The fall in real interest rates across the industrial world "has distorted the pattern of spending and saving. So we ended up in a major disequilibrium from which we can escape only by making structural changes to our economy."
That's plainly beyond the scope of any central bank. Yet they "have thrown everything, including the kitchen sink, at the problem. Since it's not working successfully, you might think that an obvious conclusion would be: 'Well maybe the answer isn't monetary policy.'"
Lord King is optimistic that politicians will eventually summon the courage "to face up to what needs to be done. But they will run away from it for quite a long time."
The failure of centrist parties to live up to their promises has paved the way for the recent gains by extremists in Europe and the likes of a Donald Trump in the United States.
"Why is it that these politicians are doing so well?" Lord King asks. "It's too easy to dismiss some [candidates] that people just don't like. They ought to turn the question on its head: Given how unlikeable we find him, why is it that so many people want to vote for him? There must be something that he's touched, which we ought to try and be responding to."
Growing up, Lord King dreamed of becoming a cosmologist. He went to Cambridge to study math and settled on economics as a useful way to employ that skill after discovering he couldn't explore the heavens without completing three years of natural science first. Which meant doing a lot of experiments.
"And the one thing I could not do was that. I don't have the practical ability. My wife will tell you that I'm probably the least practical person she's ever met," he says. "So actually doing experiments was not something that seemed terribly sensible."
The couple have left London behind and now reside for much of the year in a converted oast house (a specialized farm building where hops were dried before being carted off to the brewery) near Canterbury in southeast England, which Lord King bought 25 years ago. They spend each fall in Manhattan where he has a teaching gig at New York University. He has also returned to the London School of Economics, his academic home before joining the central bank.
After we both pass on dessert and coffee, I ask him if he misses being at the centre of the monetary action. He says he certainly doesn't miss his rows with certain politicians or the personal attacks he endured. Some critics argued that he was slow to react to the economic damage in 2008 and not bold enough when he did. One urged that his knighthood (bestowed in 2011) be revoked for his support of austerity measures.
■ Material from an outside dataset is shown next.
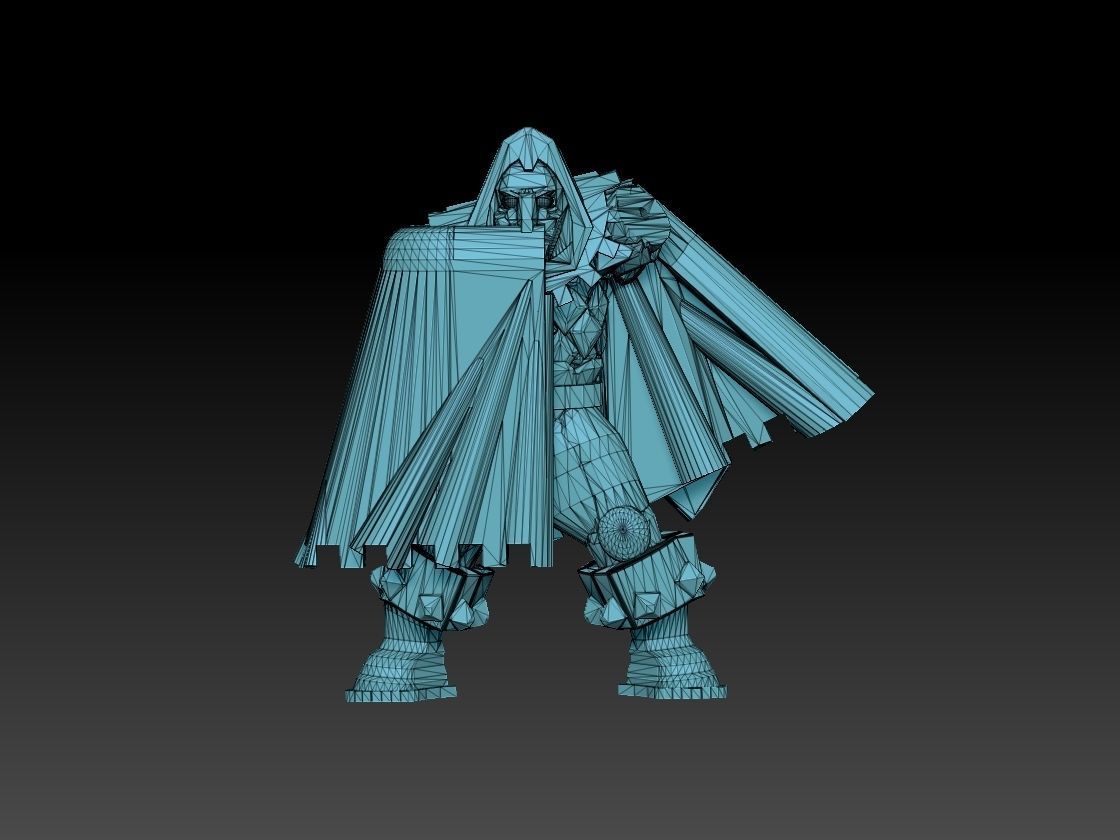 Adventurer With 100 Plus Weapon Alternatives 3D print model_44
Lord King still winces at the memory of the anonymous leaks that made his job tougher during the darkest days of the financial debacle. "That was the most unpleasant part of the whole job, without any question," he said. "It is utterly corrosive of any attempt to work with other parts of government when that happens."
He then turns to a sports analogy, something he does regularly, to explain that it's the locker room cameraderie he misses, more than the game itself.
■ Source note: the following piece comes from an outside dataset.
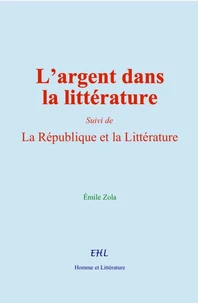 L’argent dans la littérature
"I had 10 years [as governor]. That's a good innings. And at the end of it, I was very happy to hand over to someone else. I felt a bit like a prisoner let out of jail. I could wander around in my own time. No one told me where I had to go, and what time I had to be there."
Then, as if on cue, his book publicist comes to the table to tell him it's time to go.
The rose garden he's planning for his rural property will have to wait a bit longer.